#### INFORMATION

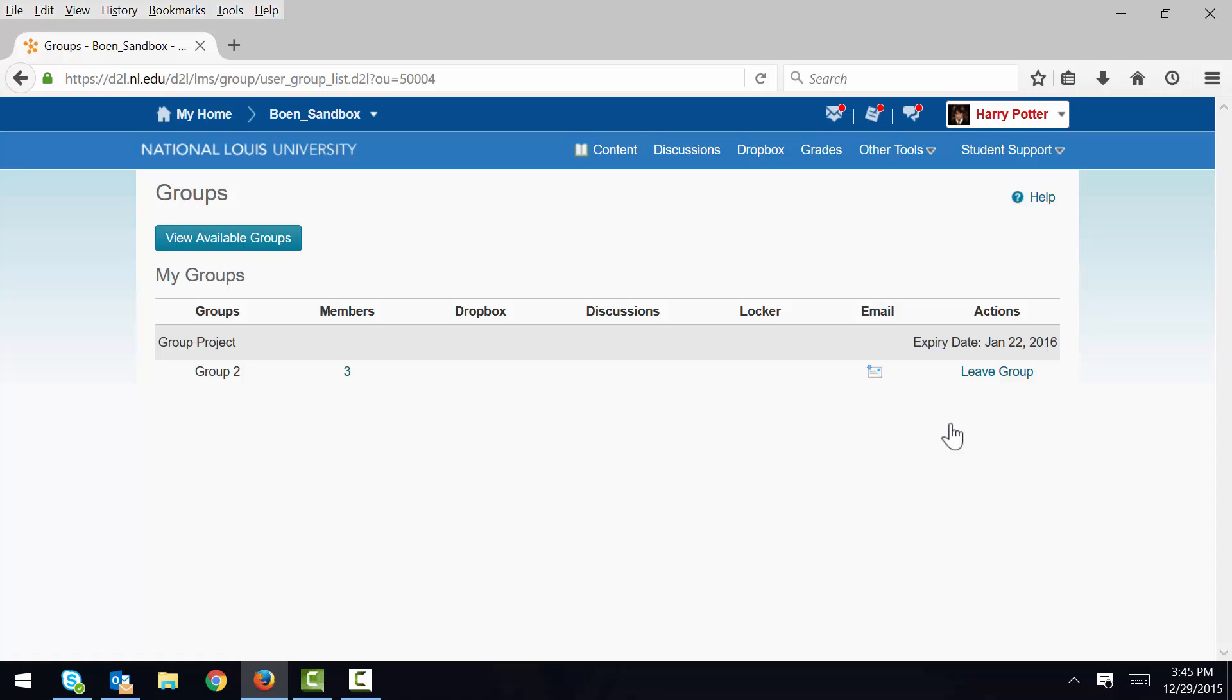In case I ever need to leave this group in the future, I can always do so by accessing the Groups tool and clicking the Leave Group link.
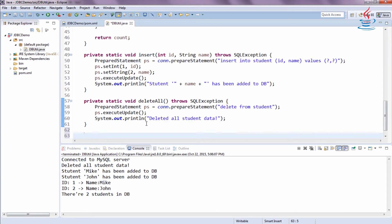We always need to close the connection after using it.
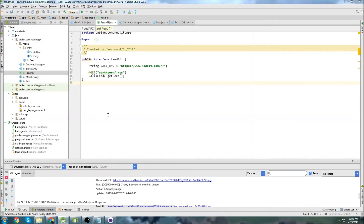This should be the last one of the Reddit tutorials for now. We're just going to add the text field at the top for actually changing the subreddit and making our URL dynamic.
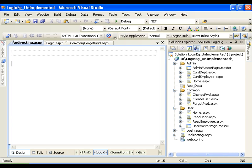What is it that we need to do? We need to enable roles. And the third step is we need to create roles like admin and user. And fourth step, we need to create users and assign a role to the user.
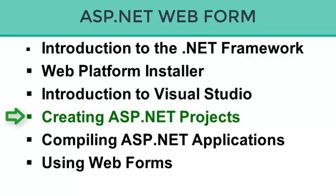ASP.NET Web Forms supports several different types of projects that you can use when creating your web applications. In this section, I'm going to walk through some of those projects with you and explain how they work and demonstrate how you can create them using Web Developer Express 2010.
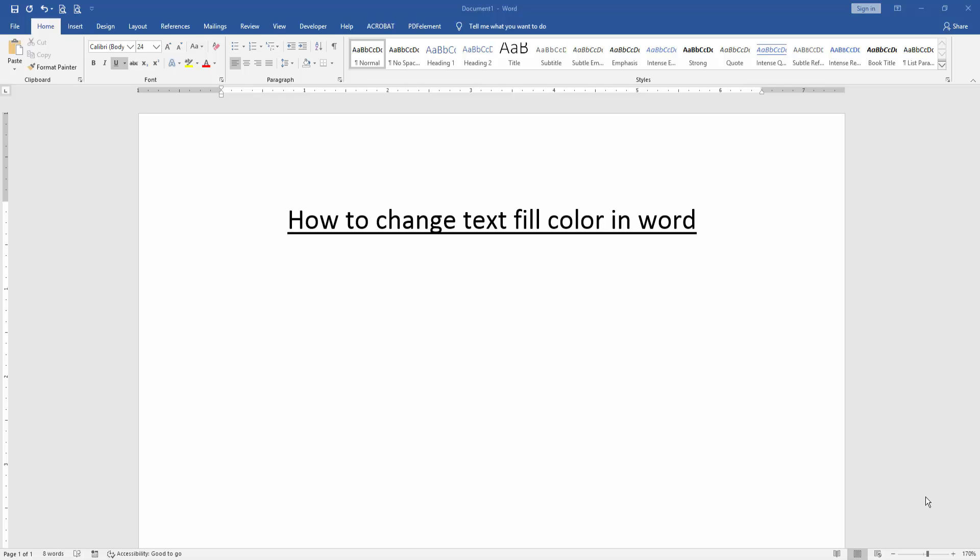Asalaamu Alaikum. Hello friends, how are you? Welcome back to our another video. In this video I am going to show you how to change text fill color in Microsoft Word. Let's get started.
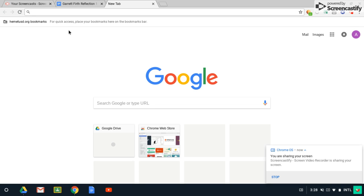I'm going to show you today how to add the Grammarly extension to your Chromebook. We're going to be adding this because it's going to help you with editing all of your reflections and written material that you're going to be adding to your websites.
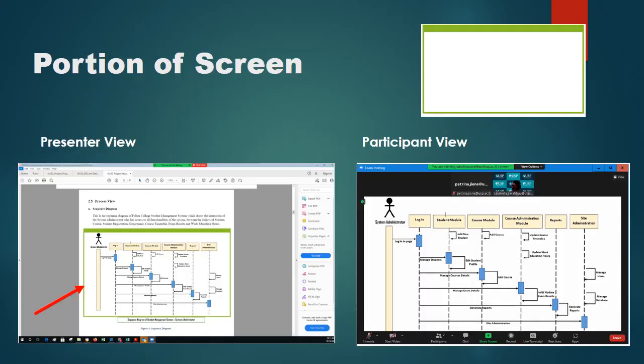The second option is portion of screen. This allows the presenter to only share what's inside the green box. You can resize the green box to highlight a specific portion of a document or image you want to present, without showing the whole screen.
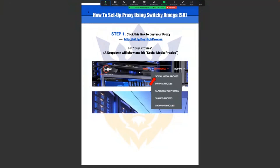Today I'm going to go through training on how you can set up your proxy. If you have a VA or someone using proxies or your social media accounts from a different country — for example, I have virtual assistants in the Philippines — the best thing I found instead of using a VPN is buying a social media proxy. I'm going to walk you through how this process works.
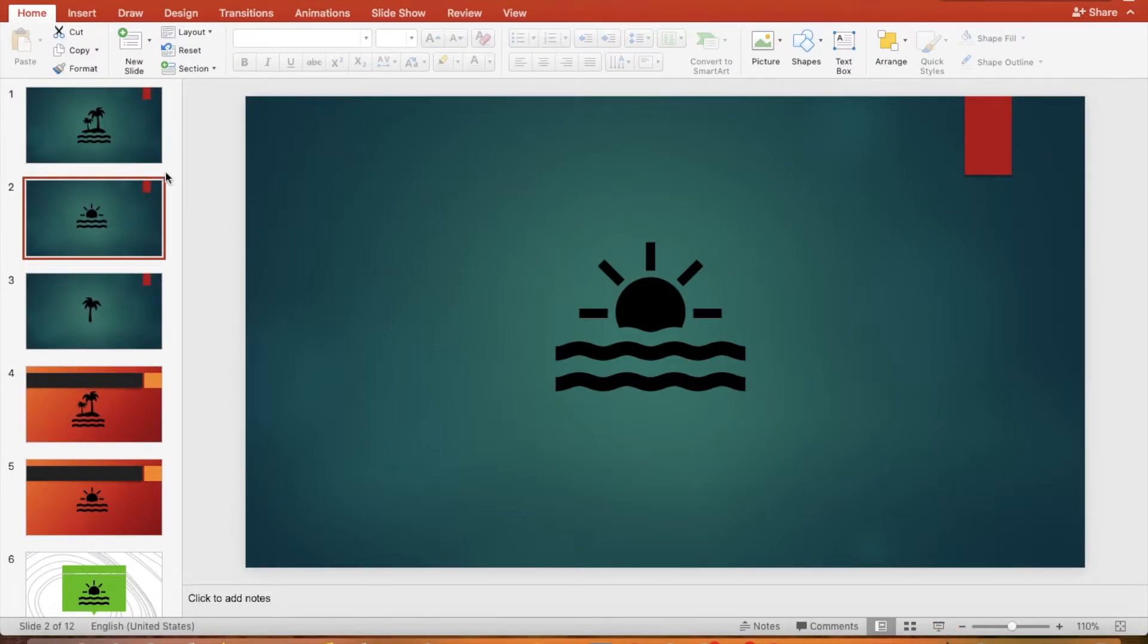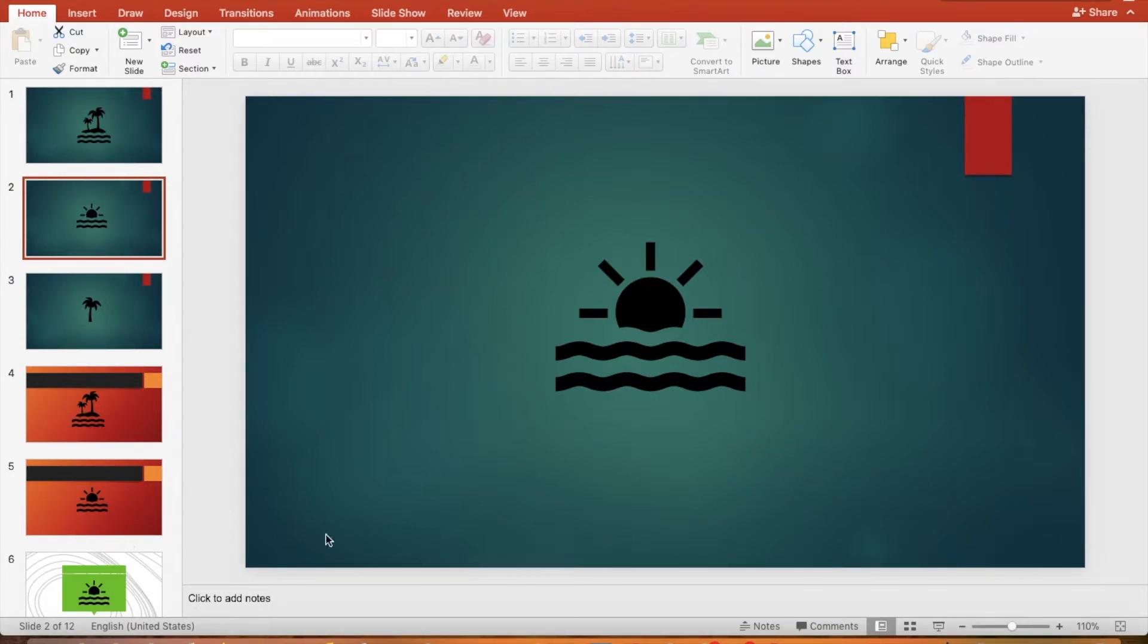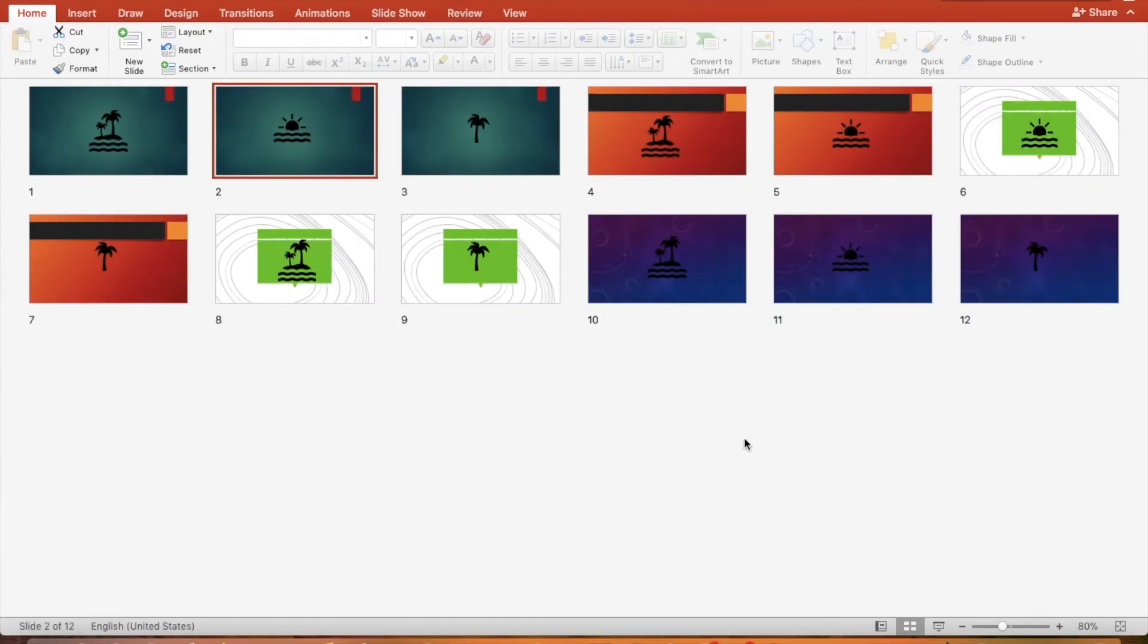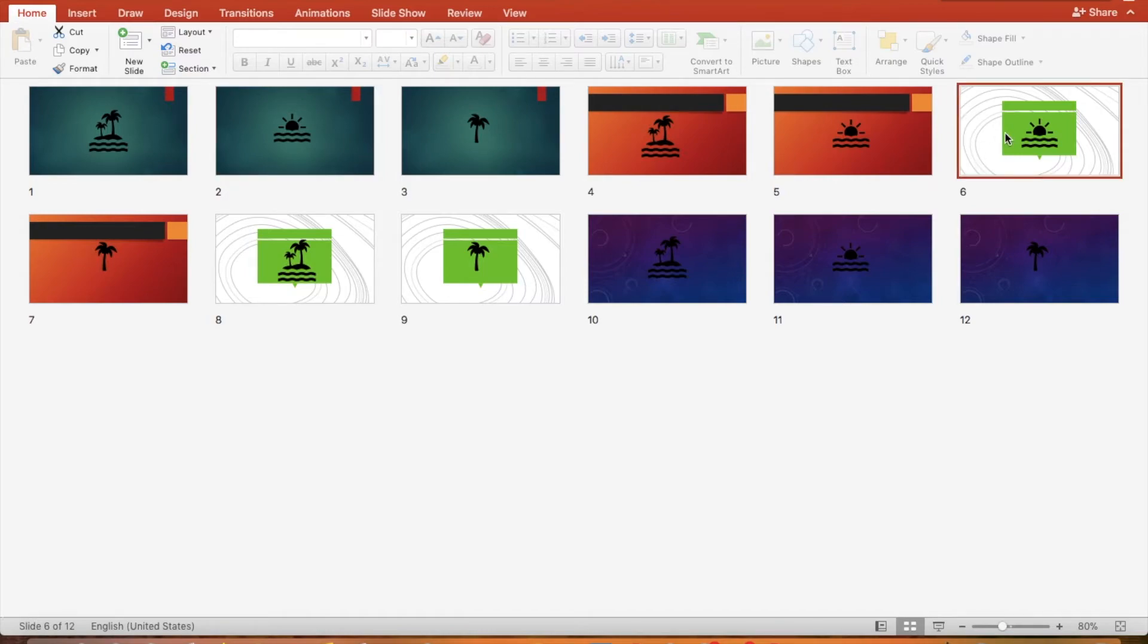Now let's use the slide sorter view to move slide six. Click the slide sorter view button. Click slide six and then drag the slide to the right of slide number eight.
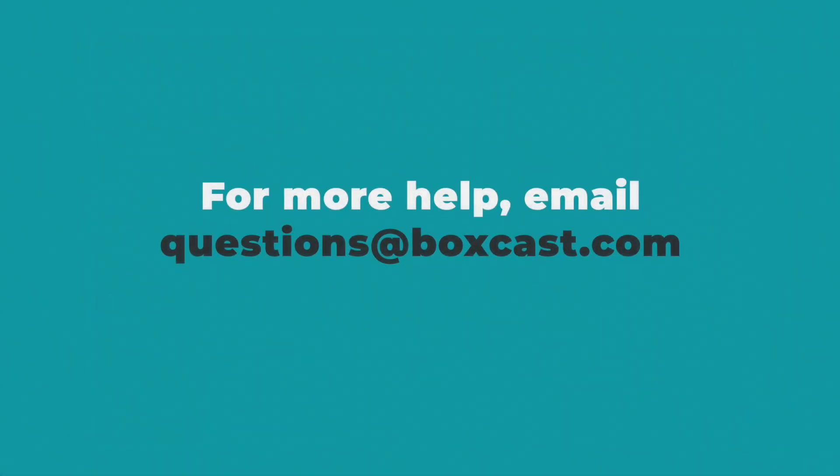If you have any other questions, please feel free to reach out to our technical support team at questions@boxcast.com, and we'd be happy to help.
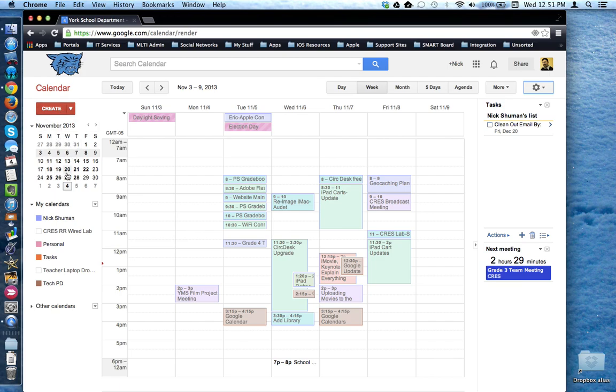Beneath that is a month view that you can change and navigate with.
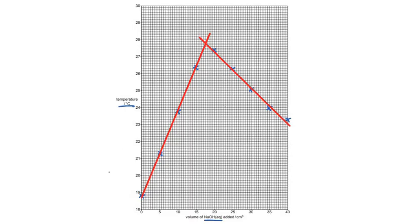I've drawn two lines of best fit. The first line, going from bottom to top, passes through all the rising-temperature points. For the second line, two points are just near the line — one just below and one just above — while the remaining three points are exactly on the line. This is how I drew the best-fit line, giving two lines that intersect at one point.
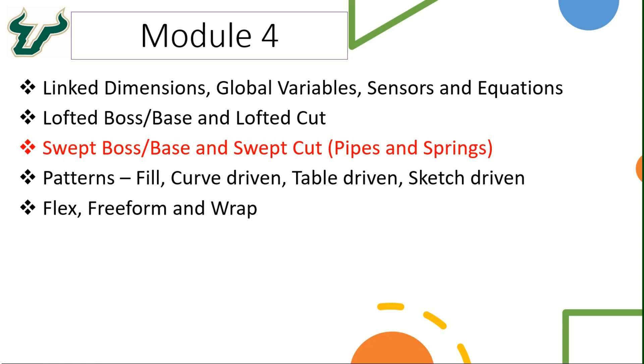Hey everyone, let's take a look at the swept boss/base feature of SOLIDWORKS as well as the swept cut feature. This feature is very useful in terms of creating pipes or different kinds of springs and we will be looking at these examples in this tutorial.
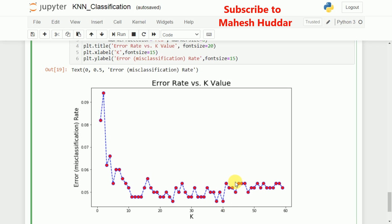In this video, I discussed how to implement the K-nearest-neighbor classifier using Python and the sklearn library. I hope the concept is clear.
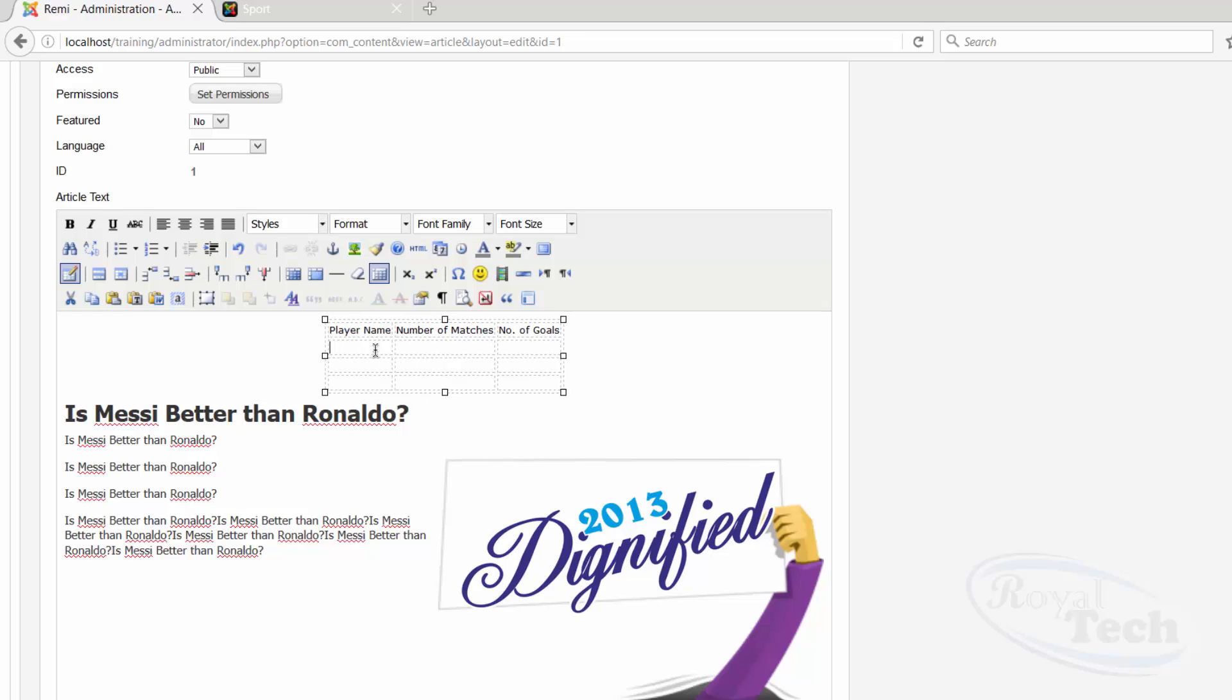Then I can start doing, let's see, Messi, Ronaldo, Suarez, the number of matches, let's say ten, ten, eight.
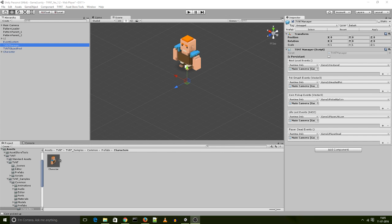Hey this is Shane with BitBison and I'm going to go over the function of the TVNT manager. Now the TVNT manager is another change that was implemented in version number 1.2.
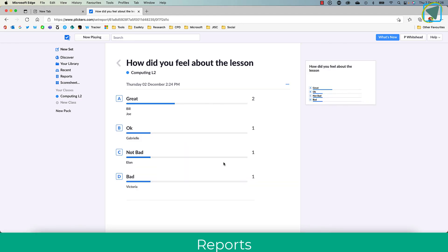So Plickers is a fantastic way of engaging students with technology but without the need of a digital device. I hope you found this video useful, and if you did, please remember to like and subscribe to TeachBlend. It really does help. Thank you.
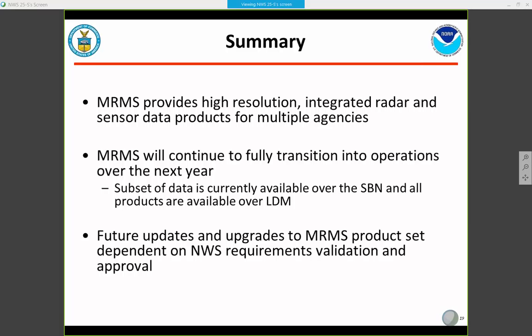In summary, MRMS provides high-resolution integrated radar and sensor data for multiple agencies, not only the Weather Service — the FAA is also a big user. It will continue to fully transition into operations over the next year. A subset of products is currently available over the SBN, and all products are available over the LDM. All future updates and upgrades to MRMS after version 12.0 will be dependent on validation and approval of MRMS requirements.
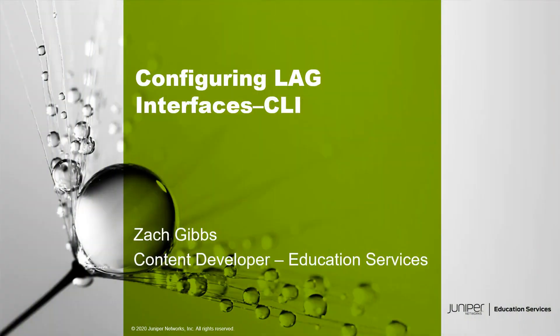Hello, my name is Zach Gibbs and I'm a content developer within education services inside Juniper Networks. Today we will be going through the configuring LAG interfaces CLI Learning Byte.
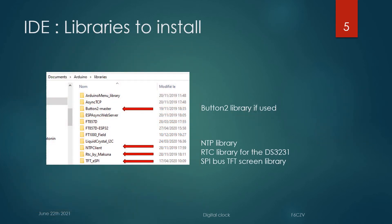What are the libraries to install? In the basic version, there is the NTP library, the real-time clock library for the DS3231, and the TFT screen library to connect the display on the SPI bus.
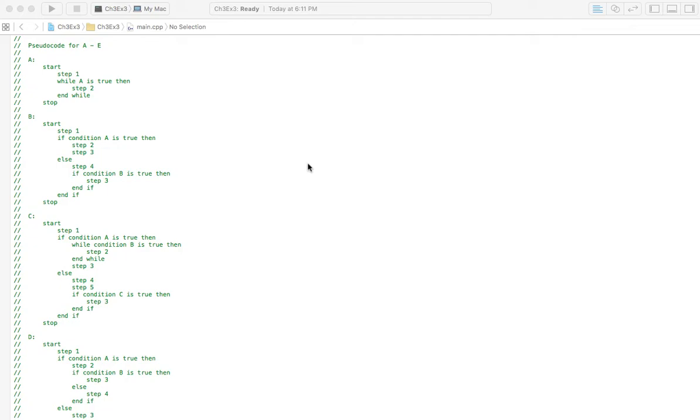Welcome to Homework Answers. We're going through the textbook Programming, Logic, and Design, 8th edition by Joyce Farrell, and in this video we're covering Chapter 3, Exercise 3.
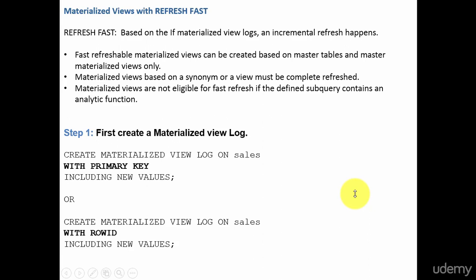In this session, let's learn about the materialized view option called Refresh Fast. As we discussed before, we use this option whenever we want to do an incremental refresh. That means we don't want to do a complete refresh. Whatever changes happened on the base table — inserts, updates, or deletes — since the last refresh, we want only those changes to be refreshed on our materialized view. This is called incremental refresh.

########

- [ACTION ITEM]: Write out the whole of the data exactly; the pictures stay out.

- [WRITTEN REPLY]:
In case I ever need to leave this group in the future, I can always do so by accessing the Groups tool and clicking the Leave Group link.
We always need to close the connection after using it.
This should be the last one of the Reddit tutorials for now. We're just going to add the text field at the top for actually changing the subreddit and making our URL dynamic.
What is it that we need to do? We need to enable roles. And the third step is we need to create roles like admin and user. And fourth step, we need to create users and assign a role to the user.
ASP.NET Web Forms supports several different types of projects that you can use when creating your web applications. In this section, I'm going to walk through some of those projects with you and explain how they work and demonstrate how you can create them using Web Developer Express 2010.
Asalaamu Alaikum. Hello friends, how are you? Welcome back to our another video. In this video I am going to show you how to change text fill color in Microsoft Word. Let's get started.
I'm going to show you today how to add the Grammarly extension to your Chromebook. We're going to be adding this because it's going to help you with editing all of your reflections and written material that you're going to be adding to your websites.
The second option is portion of screen. This allows the presenter to only share what's inside the green box. You can resize the green box to highlight a specific portion of a document or image you want to present, without showing the whole screen.
Today I'm going to go through training on how you can set up your proxy. If you have a VA or someone using proxies or your social media accounts from a different country — for example, I have virtual assistants in the Philippines — the best thing I found instead of using a VPN is buying a social media proxy. I'm going to walk you through how this process works.
Now let's use the slide sorter view to move slide six. Click the slide sorter view button. Click slide six and then drag the slide to the right of slide number eight.
If you have any other questions, please feel free to reach out to our technical support team at questions@boxcast.com, and we'd be happy to help.
Beneath that is a month view that you can change and navigate with.
I've drawn two lines of best fit. The first line, going from bottom to top, passes through all the rising-temperature points. For the second line, two points are just near the line — one just below and one just above — while the remaining three points are exactly on the line. This is how I drew the best-fit line, giving two lines that intersect at one point.
Hey everyone, let's take a look at the swept boss/base feature of SOLIDWORKS as well as the swept cut feature. This feature is very useful in terms of creating pipes or different kinds of springs and we will be looking at these examples in this tutorial.
In this video, I discussed how to implement the K-nearest-neighbor classifier using Python and the sklearn library. I hope the concept is clear.
Then I can start doing, let's see, Messi, Ronaldo, Suarez, the number of matches, let's say ten, ten, eight.
Hey this is Shane with BitBison and I'm going to go over the function of the TVNT manager. Now the TVNT manager is another change that was implemented in version number 1.2.
So Plickers is a fantastic way of engaging students with technology but without the need of a digital device. I hope you found this video useful, and if you did, please remember to like and subscribe to TeachBlend. It really does help. Thank you.
In summary, MRMS provides high-resolution integrated radar and sensor data for multiple agencies, not only the Weather Service — the FAA is also a big user. It will continue to fully transition into operations over the next year. A subset of products is currently available over the SBN, and all products are available over the LDM. All future updates and upgrades to MRMS after version 12.0 will be dependent on validation and approval of MRMS requirements.
Hello, my name is Zach Gibbs and I'm a content developer within education services inside Juniper Networks. Today we will be going through the configuring LAG interfaces CLI Learning Byte.
What are the libraries to install? In the basic version, there is the NTP library, the real-time clock library for the DS3231, and the TFT screen library to connect the display on the SPI bus.
Welcome to Homework Answers. We're going through the textbook Programming, Logic, and Design, 8th edition by Joyce Farrell, and in this video we're covering Chapter 3, Exercise 3.
In this session, let's learn about the materialized view option called Refresh Fast. As we discussed before, we use this option whenever we want to do an incremental refresh. That means we don't want to do a complete refresh. Whatever changes happened on the base table — inserts, updates, or deletes — since the last refresh, we want only those changes to be refreshed on our materialized view. This is called incremental refresh.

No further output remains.